Still, nvidia has by a wide margin the largest market share in GPUs (~90% today, and they have dominated for the past 10-20 years), and hence we have many users with computers that have nvidia GPUs in them. The relative and absolute numbers are growing, too. I doubt the influx of nvidia problems will slow for at least another 3-5 years, and they’re bound to get quite bad for a while in the near future with the EOL of pre-turing GPUs.
So, what can we do about this?
For one, obviously we always need better maintenance for everything. I’d like to step up, but the situation isn’t great - I can’t step up for the use cases I have experience with (post-Turing desktop use) and try to improve the situation without potentially stepping on CUDA/datacenter user’s toes. I have no way to assert that any changes I’d make to the module don’t break those use cases.
Furthermore, tweaking defaults is unlikely to actually fix anything for the large majority of users who’ve copied a version of the nvidia config from a wiki or reddit post from 4 years ago; even if it did, it’s likely to break configuration for people who did not, but use a pre-turing (and sometimes pre-ampere) nvidia GPU.
So what I’d really like is to just… Throw out the entire thing and start from scratch. In my mind, a good solution would be to introduce a new hardware.nvidia.architecture option, which is set to an enum of nvidia architectures. This would condense all the mess into a simple abstraction that users can actually grok without reading the whole nvidia readme, and allow us to deal with the maintenance in a sane way that actually matches upstream recommendations, as well as simplify the whole legacy driver problem. This would necessitate deprecating all the existing nvidia options, though, since those will remain wrong for a good chunk of users simply because they are already set.

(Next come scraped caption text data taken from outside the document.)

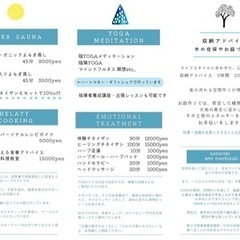 陰ヨガ・瞑想  ピラティス　体験レッスン　YOGAを始めたい方へ！　の画像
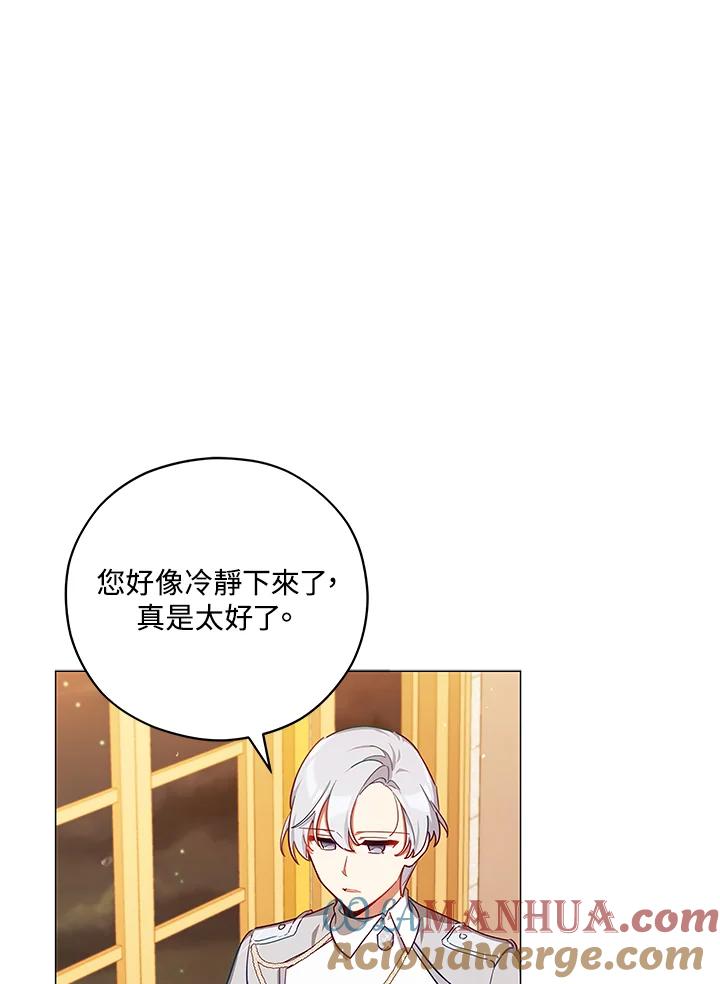 《不可接近的女士》第45话 第73页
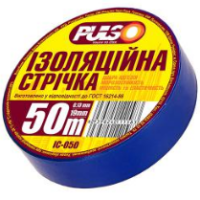 Ізоляційна стрічка  50м Pulso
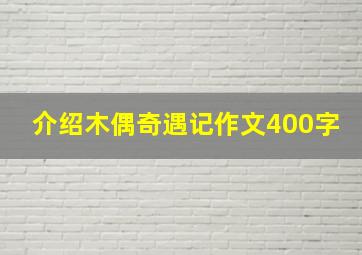 介绍木偶奇遇记作文400字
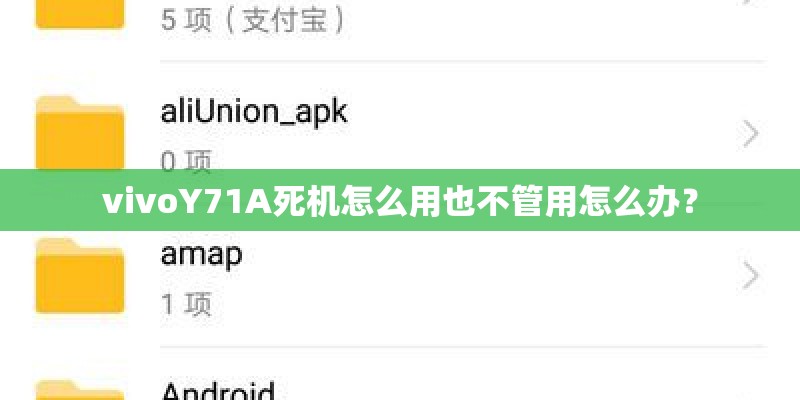 vivoY71A死机怎么用也不管用怎么办？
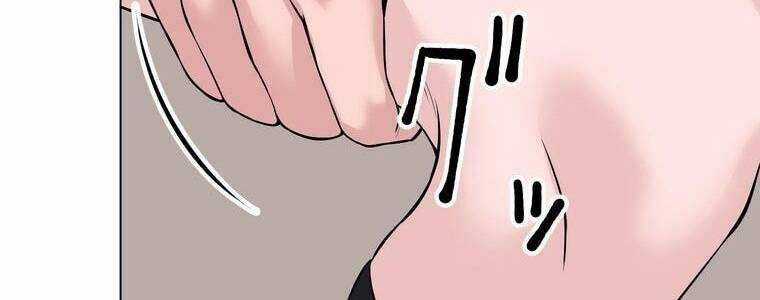 Giáo Viên Ác Quỷ Saiko Chương 5 trang 32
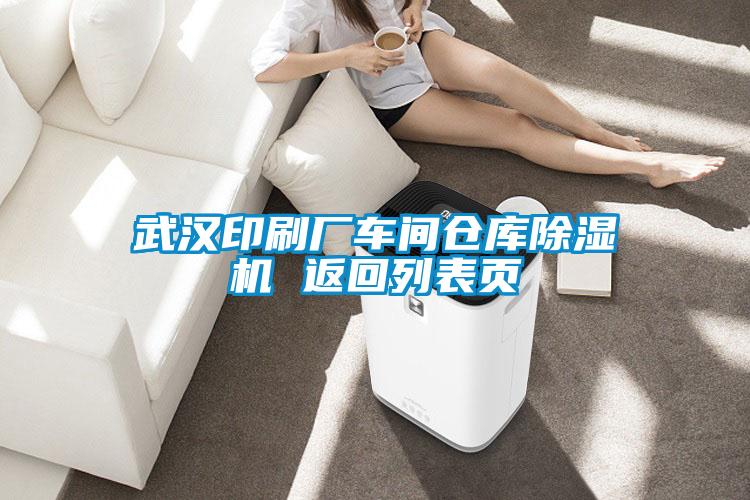 武漢印刷廠車(chē)間倉(cāng)庫(kù)除濕機(jī) 返回列表頁(yè)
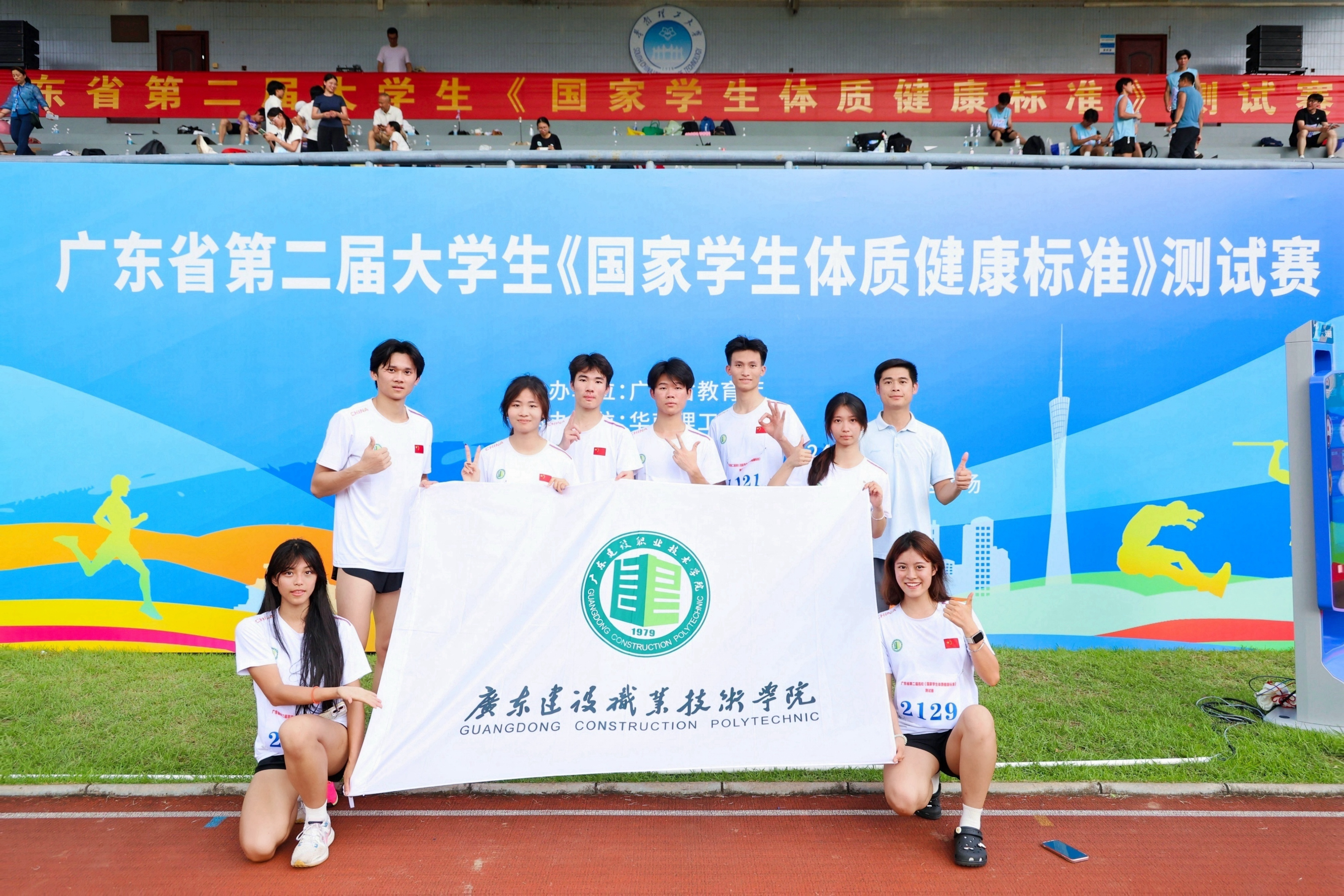 微信图片_20260525161851_314_14.jpg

This comes from a position of ignorance around all the non-desktop use cases though. It’s also the type of thing that feels like it should be in the domain of nixos-hardware or similar. It feels like it’d be far too bold of me to sit down and write all of that, then just drop a PR that throws out something used - statistically - by 90% of NixOS users.

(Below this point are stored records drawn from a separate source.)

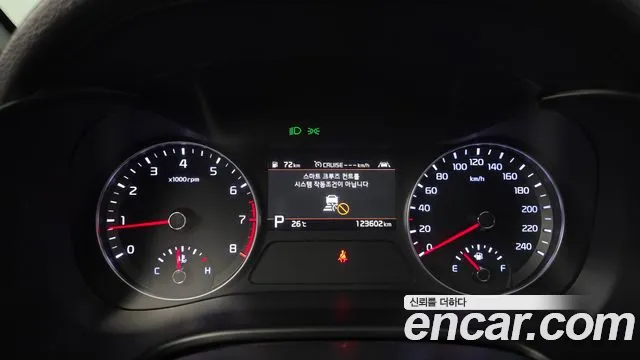 Kia K3 2018 thumb 8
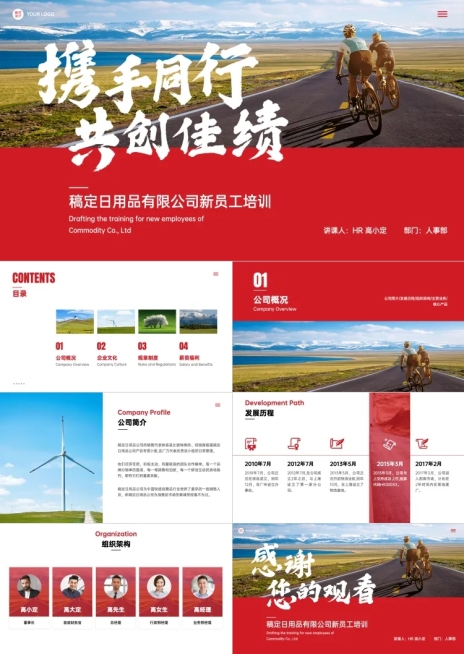 快消行业新员工入职培训商务风格预览效果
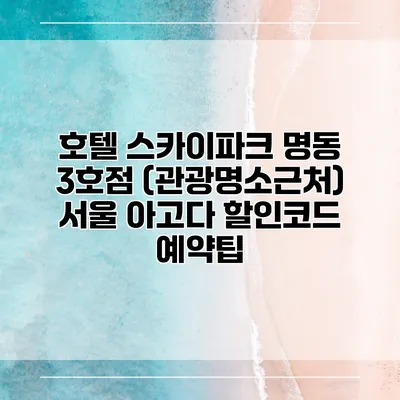 호텔 스카이파크 명동 3호점 (관광명소근처) 서울 아고다 할인코드 예약팁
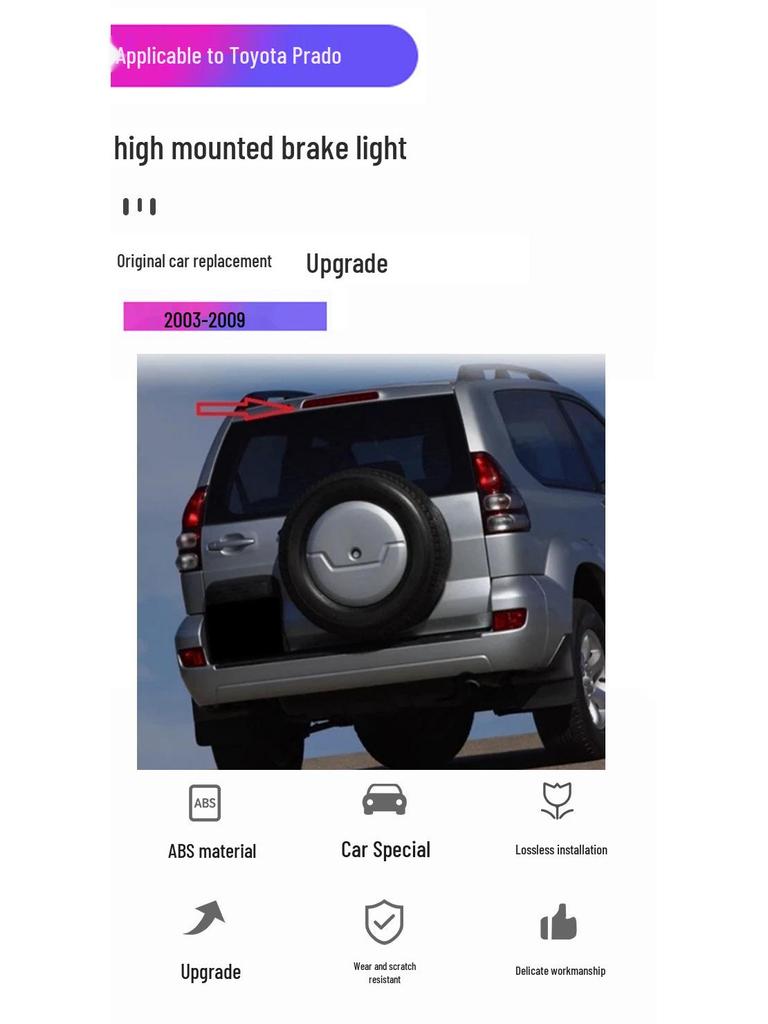Совместимый задний фонарь/стоп-сигнал для Toyota Land Cruiser Prado LC120 и Lexus GX470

So I’m writing this post. What do other people think? Should the hardware.nvidia module just be jettisoned from NixOS entirely, since it’s obviously broken and we can’t really fix the historic issues due to cargo culting, and arguably this module is overstepping the domain of NixOS anyway? Deprecated and replaced in a version or two like what was done e.g. with nixos-rebuild-ng? Left as-is, to generate support requests forever?
Also, is anyone actually actively maintaining the module?